NeoCarbon

Capturing carbon at scale with cooling towers

NeoCarbon uses existing infrastructure in the form of cooling towers to perform Direct Air Capture (DAC) up to 10 times cheaper and faster, making DAC mass-market ready. Millions of existing cooling towers around Europe continuously circulate massive amounts of air to remove heat from industrial plants and buildings. By efficiently retrofitting those towers, NeoCarbon removes the carbon dioxide from this air at very low additional cost.

NeoCarbon Team The NeoCarbon Team from left to right: Koji Muto (Business Development), Johann Schulze Dorfkönig (Business Development), René Haas (Co-Founder & CEO), Andrew Shamu (Head of R&D), Silvain Toromanoff (Co-Founder & CTO), Thibault Mousseau (Engineering), Guillaume Janin (Business Development)

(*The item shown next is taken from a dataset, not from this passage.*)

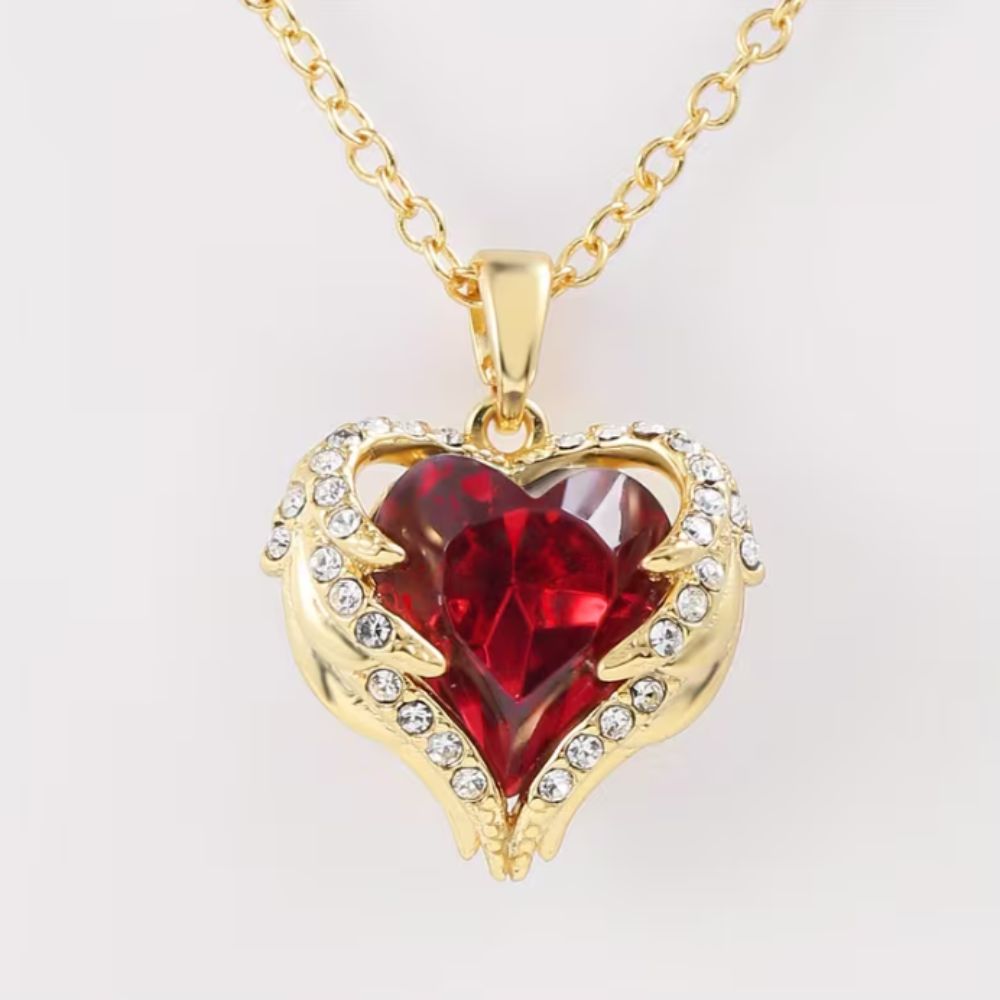 Angel Embrace Ruby Heart Necklace by Rose & Oliver, main product view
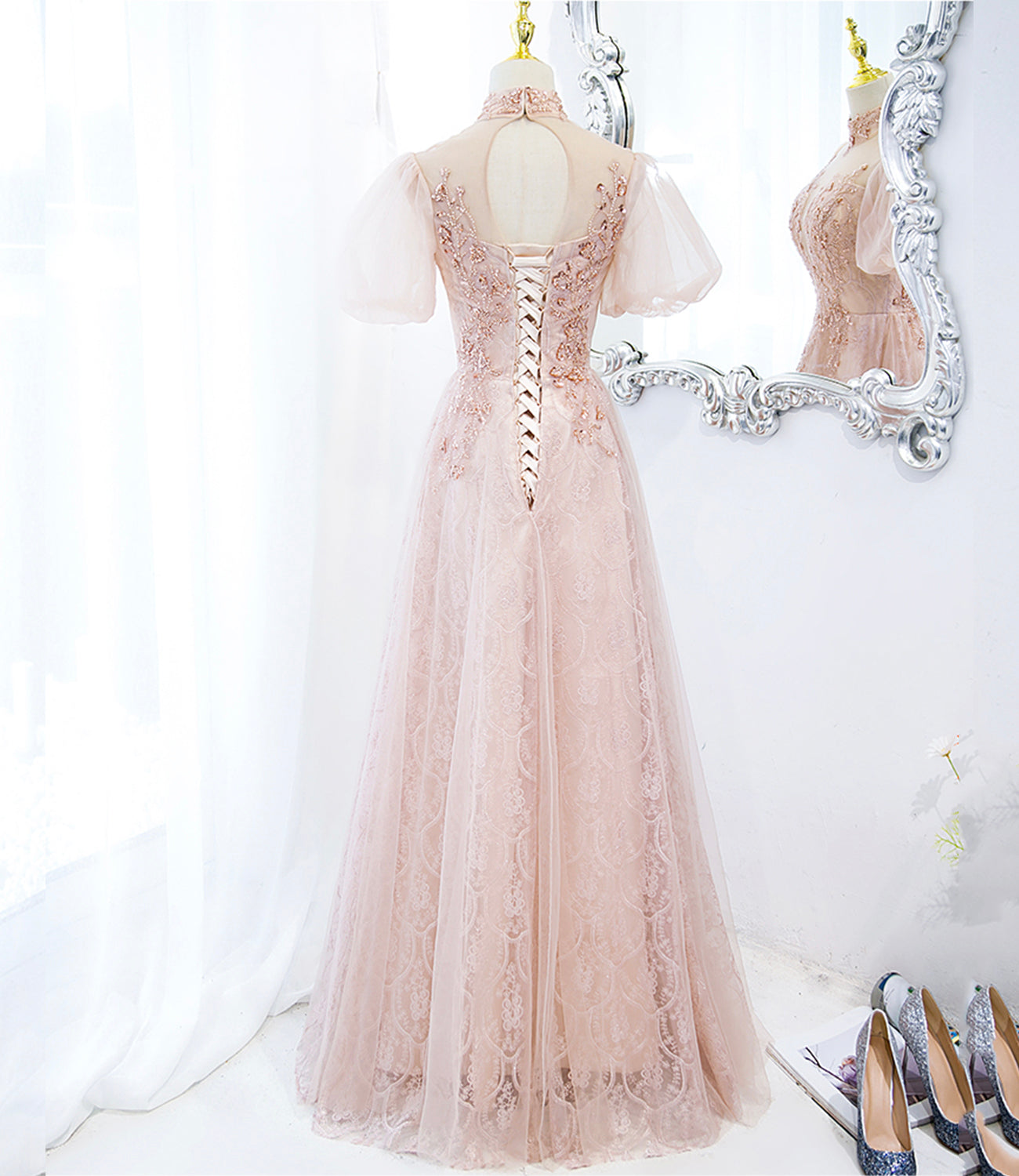 Pink tulle beads long prom dress A line evening dress 10400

Due to the tiny fraction of CO2 in the ambient air, traditional DAC installations require extremely costly infrastructure with gigantic fans, along with high heat requirements for the chemical process, driving costs even further up. However, there are already millions of cooling towers processing vast amounts of ambient air and with huge inherent waste heat, which NeoCarbon’s process leverages to drastically cut down costs and deployment speed for DAC. Thus, NeoCarbon contributes to enabling the capture of gigatons of CO2 per year by 2050, needed to keep climate change from irreversible catastrophic levels according to the IPCC.

NeoCarbon Logo

The NeoCarbon team combines a wide range of expertise, from engineering, R&D to industry experience and business know-how. René is NeoCarbon's first Co-Founder and CEO. Originally an industrial engineer, René has most recently been scaling teams to over 100 people at tink. Silvain is NeoCarbon’s second Co-Founder and CTO. Also an engineer, he is a second-time founder and exited his previous company in 2019. Andrew is NeoCarbon’s Head of R&D. He is an expert in carbon technologies with a PhD and industry experience in the field.

The NeoCarbon team validated demand by signing strategic partnerships and first customer Letters of Intent (LOIs). The Berlin-based start-up is also currently building a first minimum viable product (MVP). Together with support from Munich Re and ERGO, the team wants to move from MVP level to a commercial pilot and work on their go-to-market strategy.